:: SUPPLIED MATERIAL

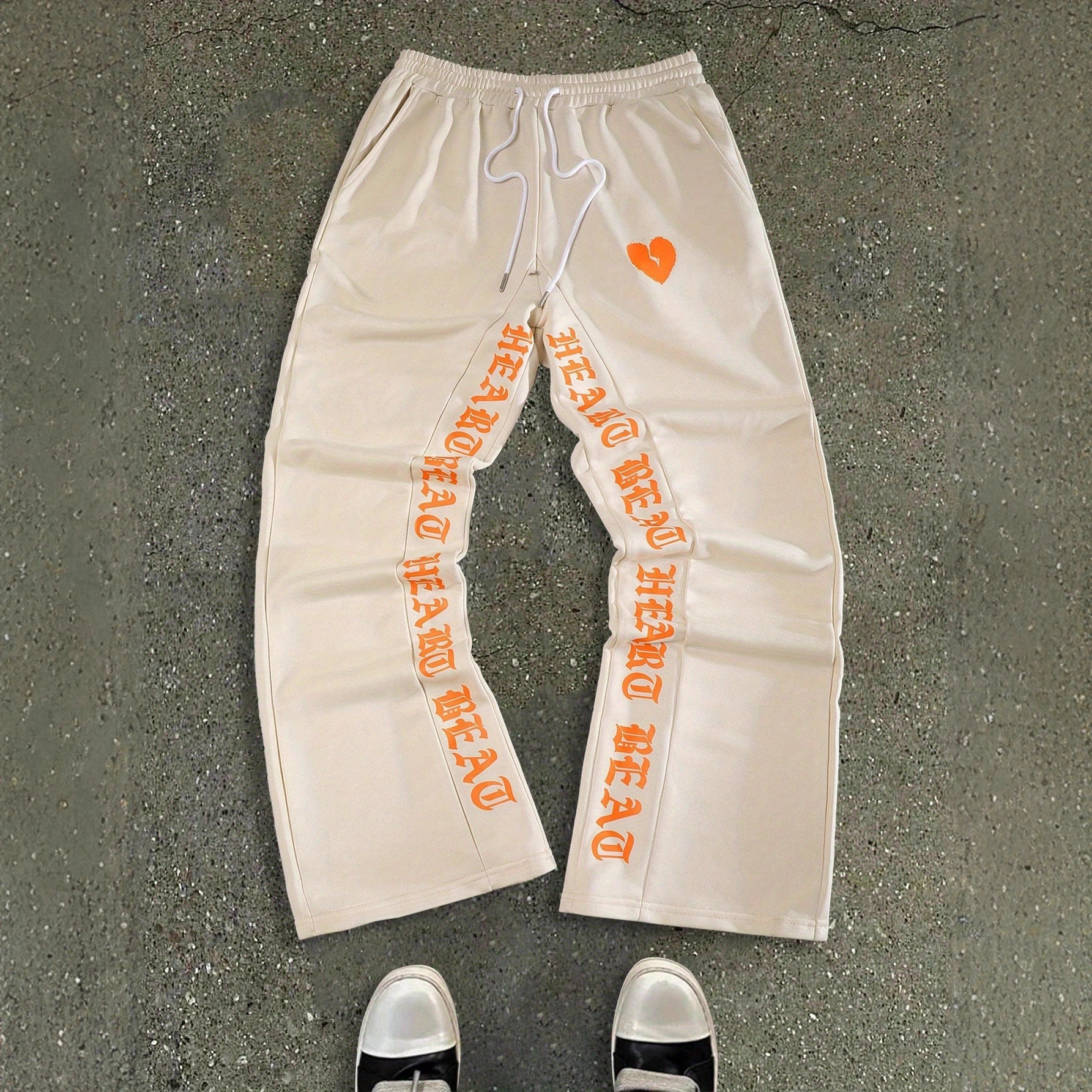 Luxury Brand Designer's New Men's Spring-autumn Style Red And White Striped Letter Print Trendy Casual Lightweight Casual Pants
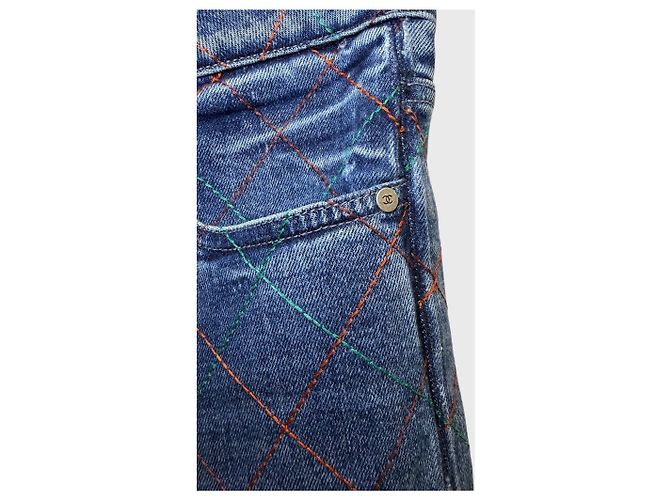 Chanel Jeans Blau Baumwolle Gerade Schnitt Gr. 40 - Ansicht 3
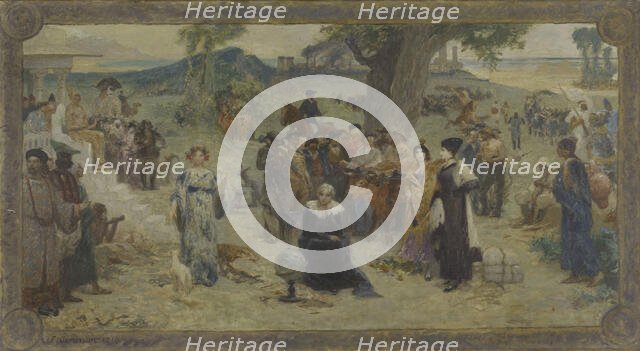 Sketch for the town hall of Bois-Colombes: the five continents, 1919. Creator: Fernand Cormon.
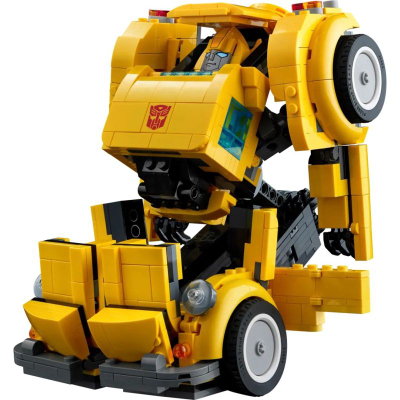 Set ndërtimi LEGO Icons Transformers Bumblebee 10338, 950 pjesë, model konvertues, i verdhë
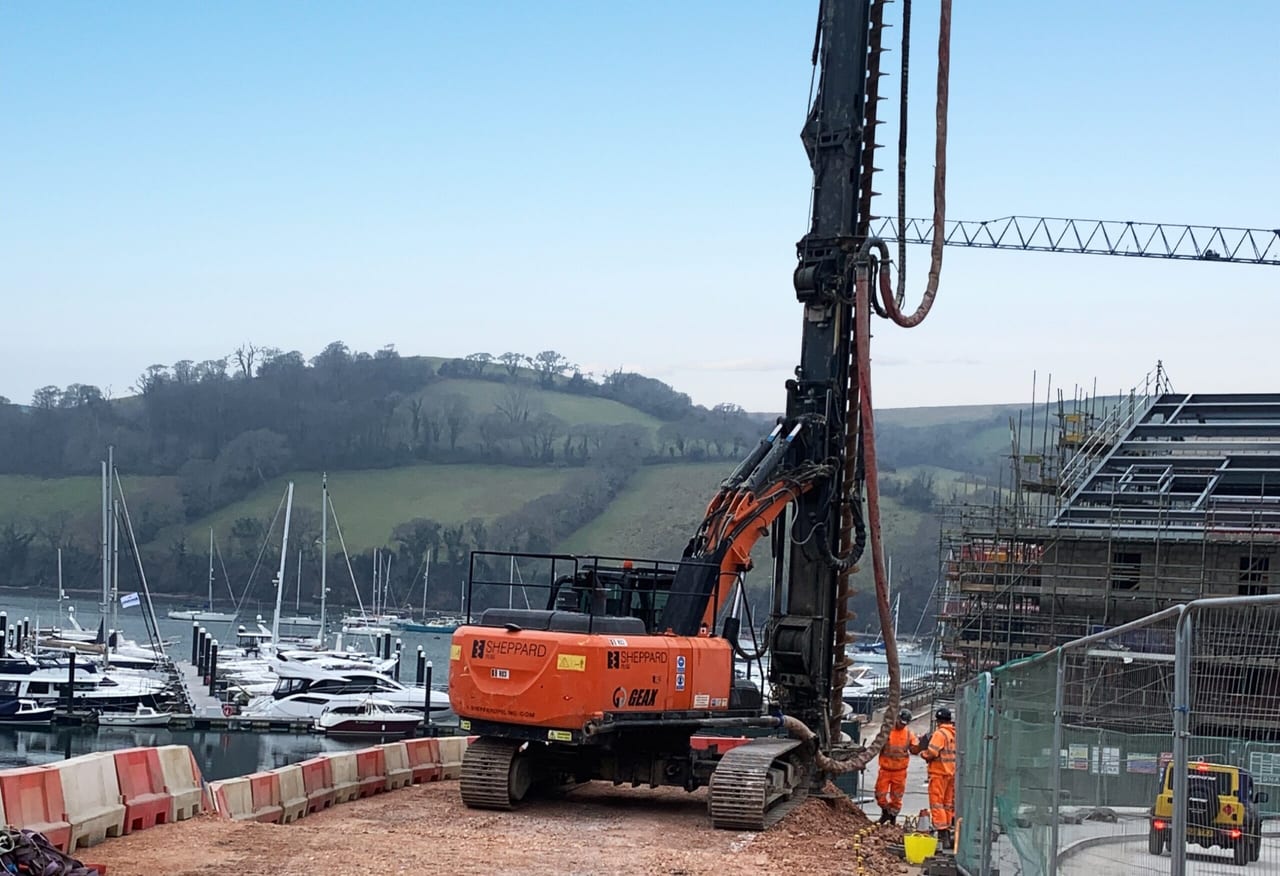 A piling rig working beside the marina at Noss on Dart, Dartmouth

::::

WORK REQUEST
Leave the pictures out, and transcribe each of the records exactly.

EXPECTED OUTPUT
 Luxury Brand Designer's New Men's Spring-autumn Style Red And White Striped Letter Print Trendy Casual Lightweight Casual Pants
 Chanel Jeans Blau Baumwolle Gerade Schnitt Gr. 40 - Ansicht 3
 Sketch for the town hall of Bois-Colombes: the five continents, 1919. Creator: Fernand Cormon.
 Set ndërtimi LEGO Icons Transformers Bumblebee 10338, 950 pjesë, model konvertues, i verdhë
 A piling rig working beside the marina at Noss on Dart, Dartmouth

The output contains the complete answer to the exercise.